Following completion of the Offer, the Bidder intends to have the OEG Shares delisted from the Nasdaq Tallinn. In such case, shareholders not accepting the Offer will no longer have liquid OEG Shares. The Bidder further intends the merger of OEG as transferring entity into the Bidder as assuming entity. The shareholders not accepting the Offer will be offered new shares in the Bidder. These shares will not be listed on Nasdaq Tallinn nor on any other stock exchange. Finally, provided the Bidder holds at least 90% of the OEG Shares, the Bidder intends to decide to take over the remaining OEG Shares in accordance with § 1821 of Securities Market Act. If the Bidder holds at least 90% of the OEG Shares following the completion of the Offer, the Bidder intends to first implement the takeover of the remaining OEG Shares and only subsequently merge OEG into the Bidder. If the 90% threshold is not met after completion of the Offer, the Bidder intends to first implement the merger and, if following the merger the Bidder holds at least 90% of the OEG Shares, intends to pursue the takeover of the remaining OEG Shares.

   13. Approval by Estonian Financial Supervision Authority

The Prospectus and the Notice of the Offer were submitted to the EFSA for approval on 19 March 2018. The Offer Documents and the terms of the Offer have been approved by EFSA on 2 April 2018.

  14. Publication and places of distribution of the Offer Documents

The Offer Documents will be published today, on 4 April 2018 in electronic form:

The Offer Documents will also be made available on paper at the head office of LHV Bank at Tartu mnt 2, 10145 Tallinn.

   15. Important Information

The Offer is being made in accordance with the laws of the Republic of Estonia and will not be subject to any filing with, or approval by, any foreign regulatory authority. The Offer is not being made to persons whose participation in the Offer requires that an additional offer document is prepared or registration effected or that any other measures are taken in addition to those required under the laws of the Republic of Estonia. In the event of any inconsistency between the contents of the Prospectus and any other document or release, the provisions of the Prospectus shall prevail.

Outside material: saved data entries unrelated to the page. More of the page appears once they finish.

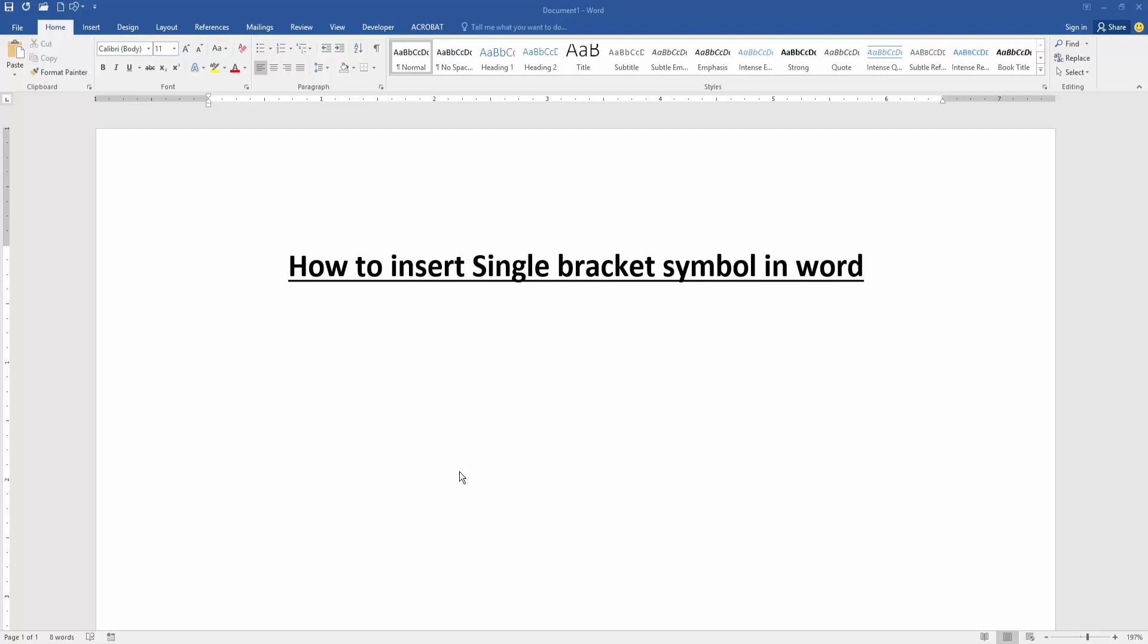Assalamualaikum, hello friends, how are you? Welcome back to my new video. In this video I am going to show you how to insert single bracket symbols in Microsoft Word. Let's get started. Firstly we have to open our document.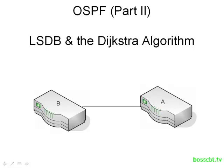Hello and welcome to this tutorial on OSPF. This is the second tutorial of three where we cover all of the concepts and theory behind OSPF. In this one we're going to talk about the link state database and also how routes are created by using the Dijkstra algorithm.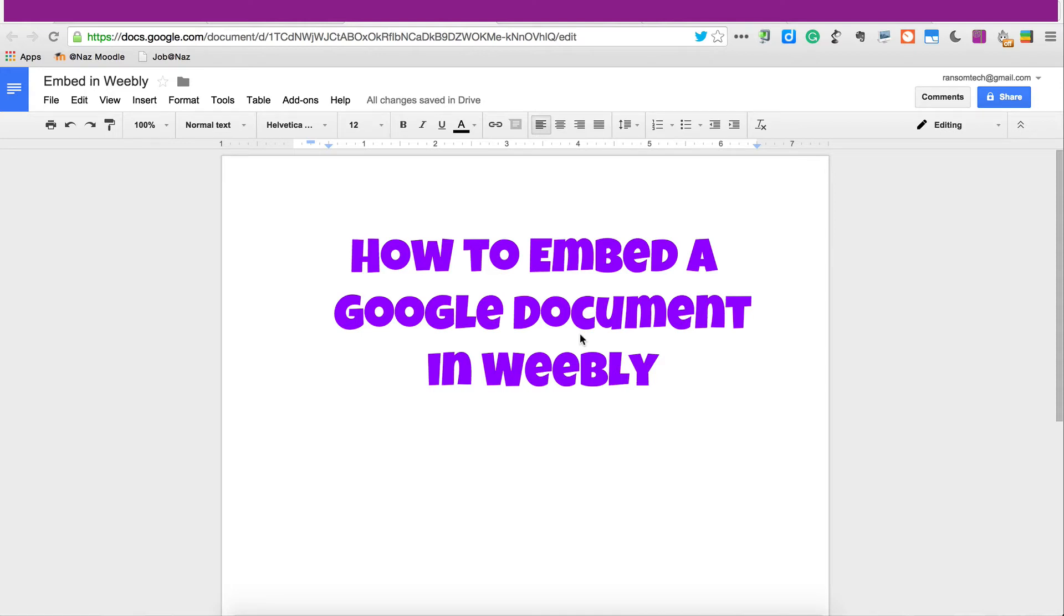Here is a short video to show you if you need more help beyond the written directions on how to embed a Google document in Weebly.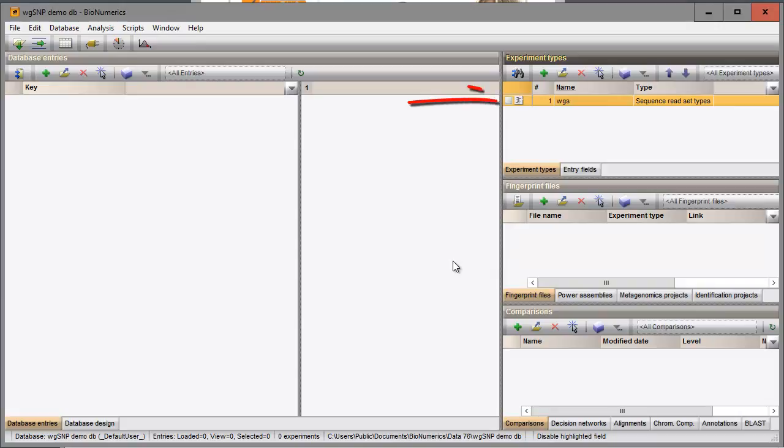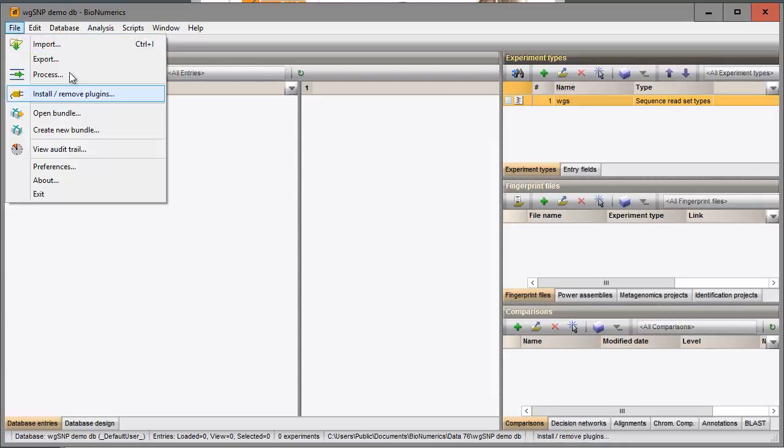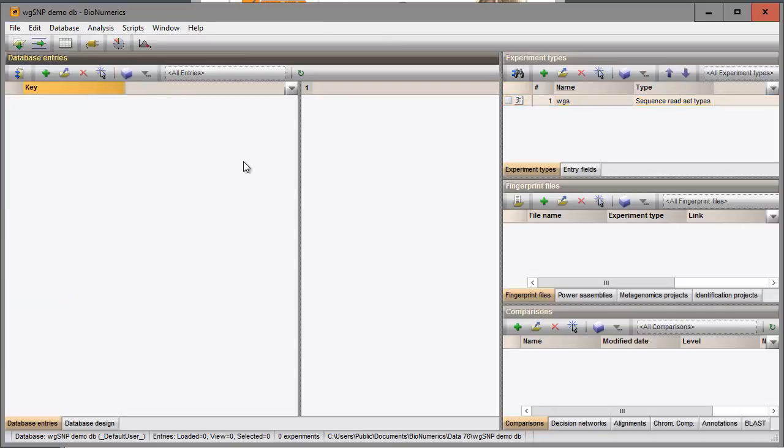The experiment is added to the Experiment types panel. To import sequence reads, select File Import or click on the Import button in the toolbar to call the import tree where all the import routines are grouped.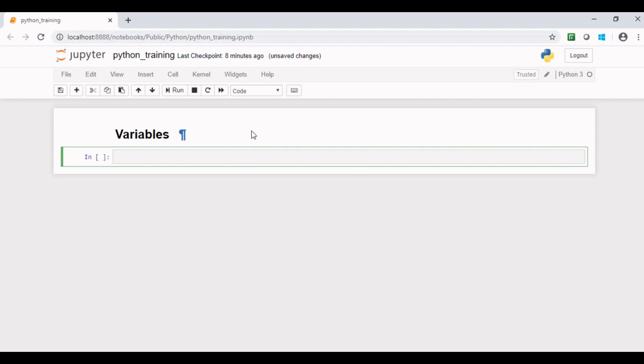Variables are identifiers used to hold values. A variable also allocates a specific memory for a particular variable.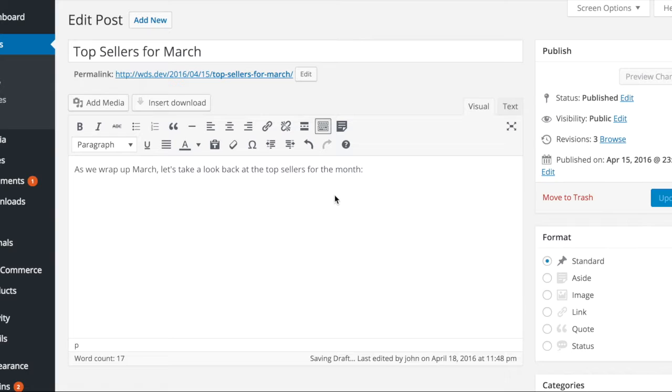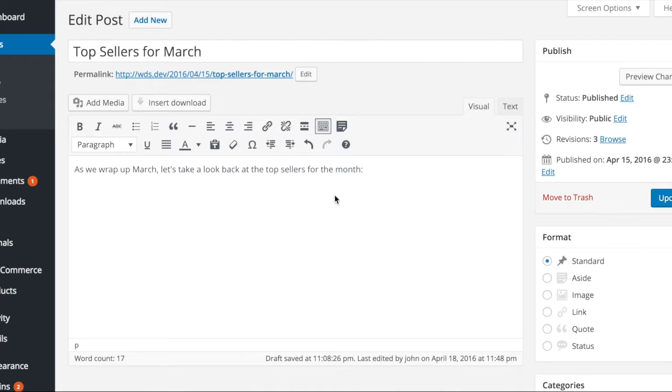With CPTUI extended, we've made it simple to add both WooCommerce and Easy Digital Download products to a page or post.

Neither this document nor any other information supplied in connection with the Offer should be considered as a recommendation by Odyssey Europe AS or any other person acting in concert with Odyssey Europe AS or any other person to any recipient of this document (including any other information supplied in connection with the Offer) to sell any shares of Olympic Entertainment Group AS. Each person contemplating selling any shares should make its own independent investigation of the financial condition and affairs of Olympic Entertainment Group AS and its subsidiaries, and its own appraisal of the merits of the Offer.

The Offer is not being and will not be made, directly or indirectly, in or into Canada, Australia or Japan. The Offer is not and will not be capable of acceptance in or from Canada, Australia or Japan.

Persons receiving this document or any other related documents (including custodians, nominees and trustees) should observe these restrictions and must not send or distribute this document in or into Canada, Australia or Japan. Doing so may render invalid any purported acceptance.

Unless otherwise specified in this notice or the Prospectus, all information contained in this document is presented as at Filing Date.